EXERCISE AIM — Copy exactly the lines from the beginning of the data down to and including the line holding "Peanut and pretzel", without any pictures.

(Image-caption web data)
════

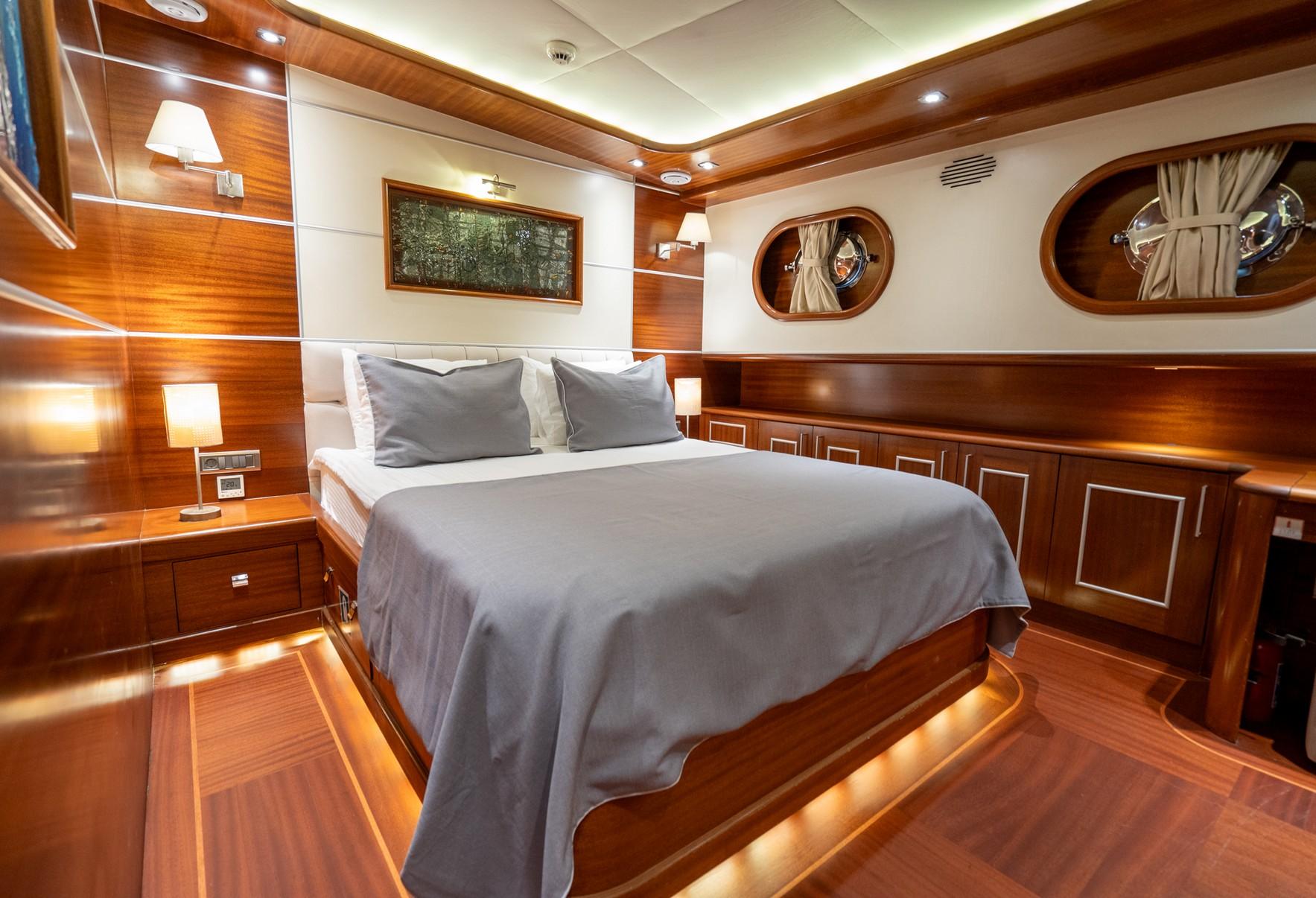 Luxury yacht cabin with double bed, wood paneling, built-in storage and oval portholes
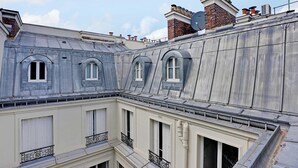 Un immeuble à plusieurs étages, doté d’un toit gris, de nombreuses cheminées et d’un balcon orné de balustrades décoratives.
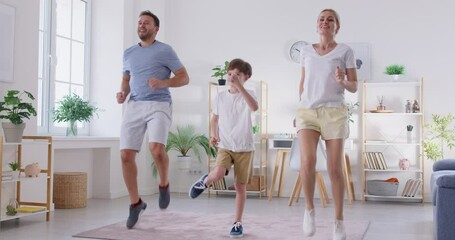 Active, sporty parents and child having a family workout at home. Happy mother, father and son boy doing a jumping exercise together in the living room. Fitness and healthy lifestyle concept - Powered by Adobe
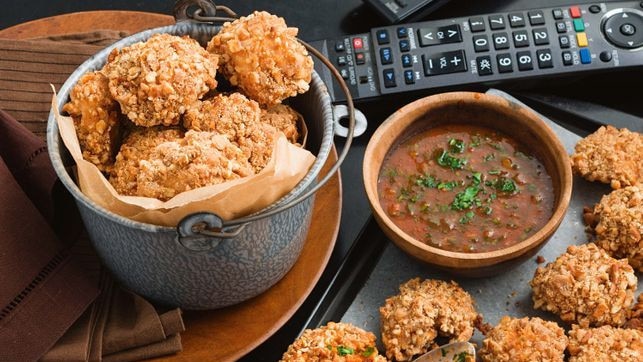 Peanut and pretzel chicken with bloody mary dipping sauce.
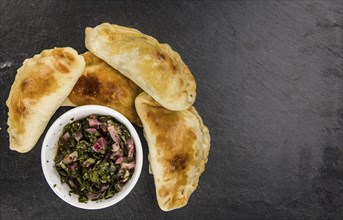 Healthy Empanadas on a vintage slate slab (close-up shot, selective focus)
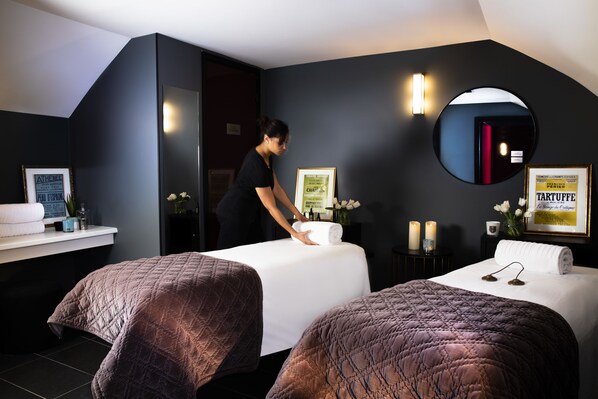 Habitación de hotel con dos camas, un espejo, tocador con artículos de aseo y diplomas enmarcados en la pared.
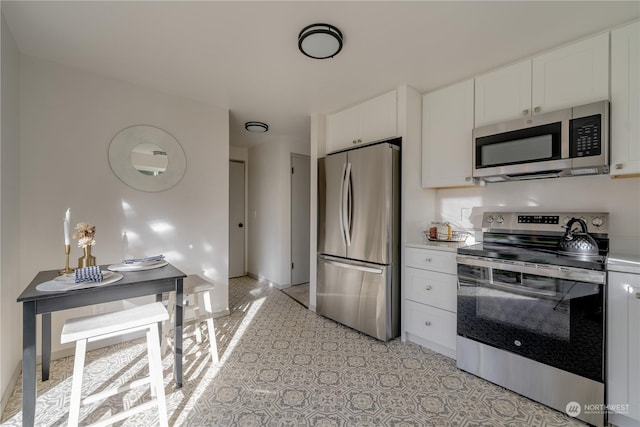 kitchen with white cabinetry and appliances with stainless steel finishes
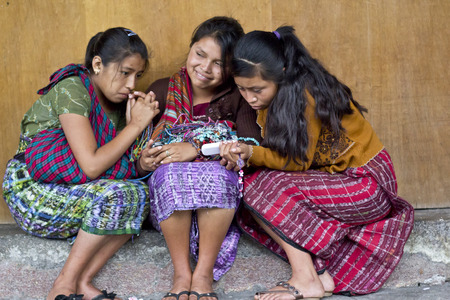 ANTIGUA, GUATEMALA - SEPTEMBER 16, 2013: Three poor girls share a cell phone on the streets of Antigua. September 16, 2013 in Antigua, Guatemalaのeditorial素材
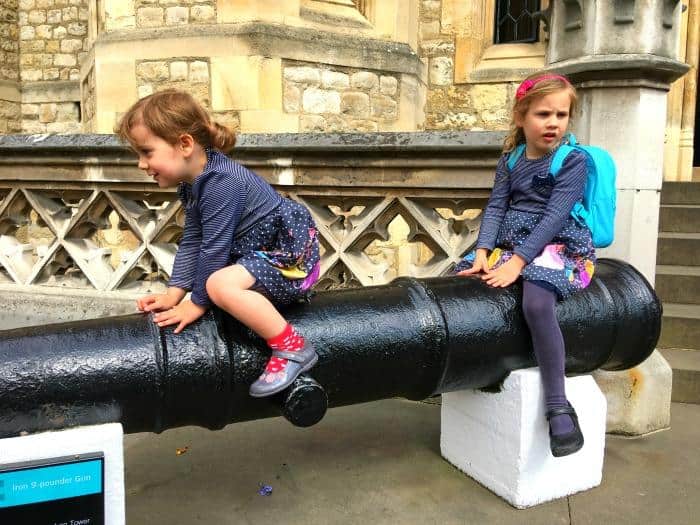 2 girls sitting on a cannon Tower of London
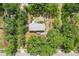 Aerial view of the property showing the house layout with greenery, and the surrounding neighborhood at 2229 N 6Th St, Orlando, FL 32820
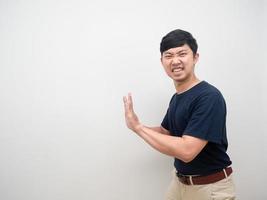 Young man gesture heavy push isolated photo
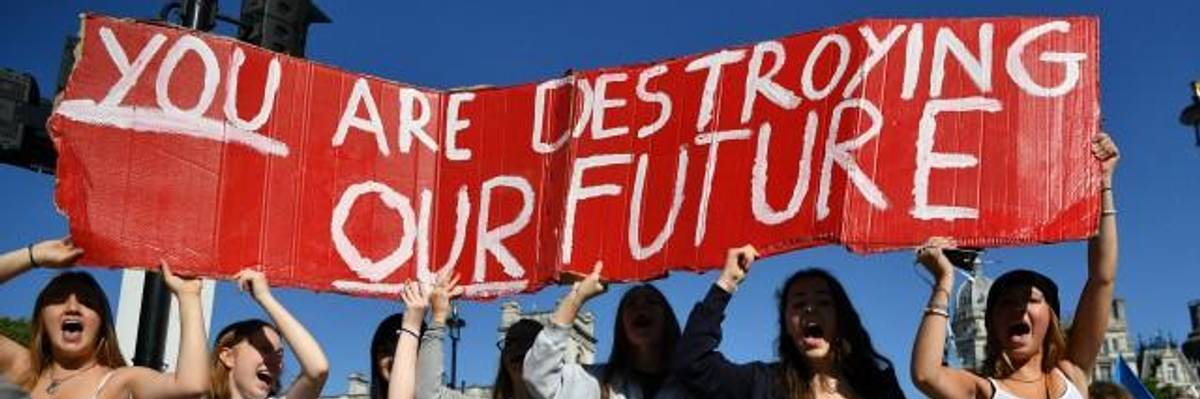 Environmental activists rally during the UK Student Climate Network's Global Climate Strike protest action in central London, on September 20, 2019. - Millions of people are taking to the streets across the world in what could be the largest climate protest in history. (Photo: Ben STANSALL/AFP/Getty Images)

════

TASK OUTPUT —
 Luxury yacht cabin with double bed, wood paneling, built-in storage and oval portholes
 Un immeuble à plusieurs étages, doté d’un toit gris, de nombreuses cheminées et d’un balcon orné de balustrades décoratives.
 Active, sporty parents and child having a family workout at home. Happy mother, father and son boy doing a jumping exercise together in the living room. Fitness and healthy lifestyle concept - Powered by Adobe
 Peanut and pretzel chicken with bloody mary dipping sauce.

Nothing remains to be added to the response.